Hampir semua orang di Indonesia mungkin tahu bahwa sektor migas pernah menjadi sektor andalan di negeri ini. Namun pada perkembangannya, sektor ini mengalami berbagai tantangan yang tak mudah untuk ditaklukkan.
Pemerintah rupanya juga tidak menutup mata dengan fluktuasi yang terjadi di sektor strategis ini. Paradigma yang digunakan pun bergeser, migas bukan lagi sebagai sumber pendapatan utama negara, melainkan migas menjadi lokomotif perekonomian Indonesia.
Interpretasi dari perubahan paradigma ini terlihat dalam aktivitas industri hulu migas yang diharapkan banyak menimbulkan multiplier effect bagi perekonomian.
Seperti pada tulisan sebelumnya, beberapa hal yang saya tuliskan sebagai multipplier effect aktivitas industri hulu migas di antaranya melalui penyerapan tenaga kerja. Pada tulisan lainnya, kegiatan hulu migas juga mampu memicu perekonomian lokal di daerah-daerah operasi para kontraktor migas melalui kerjasama dengan BUMD atau entitas lokal lainnya.

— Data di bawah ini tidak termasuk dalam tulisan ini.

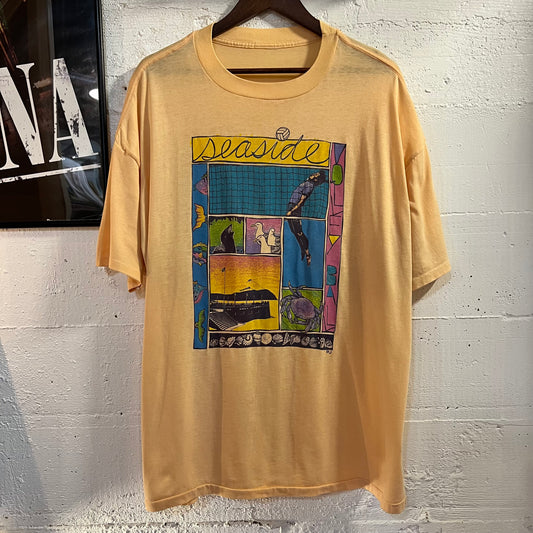 Vintage Seaside Volleyball Single Stitch Graphic T-Shirt - Size XL - Coral/Multicolor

Salah satu multipplier effect lainnya yang berdampak besar adalah pelibatan perbankan nasional dalam industri hulu migas. Karena dari pelibatan perbankan tersebut, secara nyata mampu menggerakkan sektor-sektor yang lain. Dampak industri hulu migas pun menyebar gaungnya kemana-mana, membantu meningkatkan produktivitas bangsa.
Dari publikasi yang didapatkan dari SKK Migas, disebutkan bahwa sejak 2008 SKK Migas mengharuskan transaksi pembayaran pengadaan barang dan jasa dilakukan dengan perantara perbankan nasional. Setelah kebijakan diterapkan, nilai transaksi pengadaan terus mengalami tren peningkatan. Jika pada 2009 transaksi yang dilakukan sebesar US$ 3,97 miliar, pada akhir 2013 transaksinya sudah hampir menyentuh US$ 8 miliar. Selain itu, pemanfaatan perbankan nasional juga dilakukan melalui kewajiban kontraktor menyimpan dana cadangan (reserve) untuk pemulihan kondisi lapangan setelah operasi (Abandonment and Site Restoration/ASR). Hingga 31 Januari 2014, penempatan dana ASR yang disimpan di Bank BUMN mencapai US$ 501 juta.
Pada akhir 2013, total transaksi industri hulu migas telah mencapai US$ 57,8 miliar. Angka tersebut berasal dari kontraktor kontrak kerja sama (kontraktor KKS) yang sudah berproduksi. Secara detail dijabarkan bahwa dana tersebut adalah akumulasi dari transaksi minyak sekitar US$ 31,3 miliar, gas pipa sebesar US$ 12,4 miliar, dan gas alam cair (liquefied natural gas/LNG) dan elpiji (liquefied petroleum gas/LPG) sebesar US$ 14,1 miliar.